[[ Dataset extract, beginning ]]

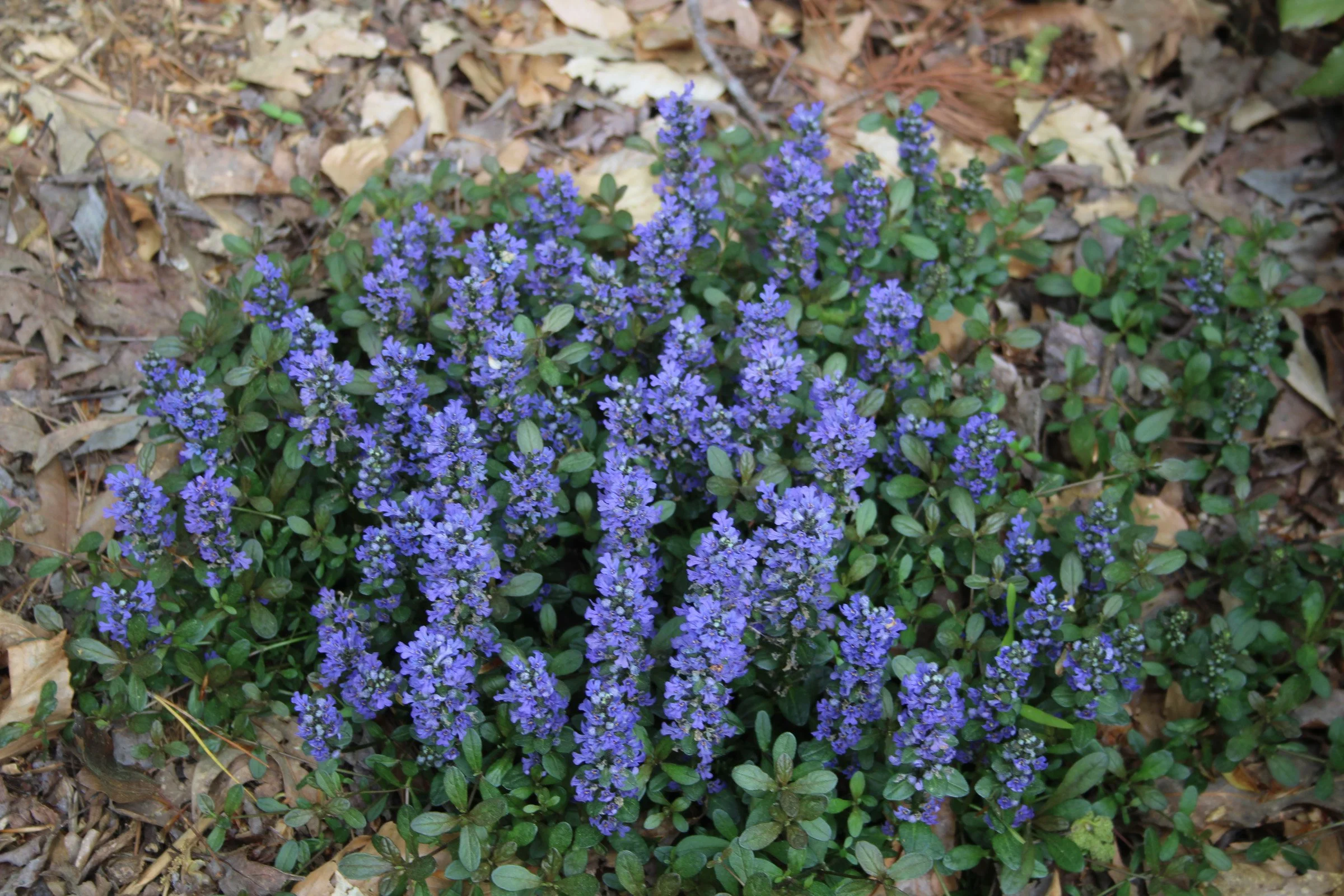 3-72 ajuga in bloom.JPG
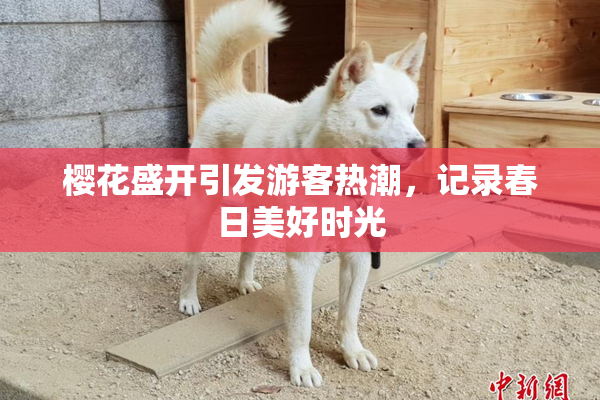 樱花盛开引发游客热潮，记录春日美好时光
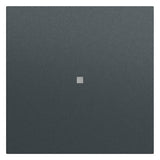 GIRA Kontrollwippe Schalter anth lack 329073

[[ Dataset extract, end ]]

In the copy you write, the data above must appear exactly, with no pictures.

Solution:
 3-72 ajuga in bloom.JPG
 樱花盛开引发游客热潮，记录春日美好时光
 GIRA Kontrollwippe Schalter anth lack 329073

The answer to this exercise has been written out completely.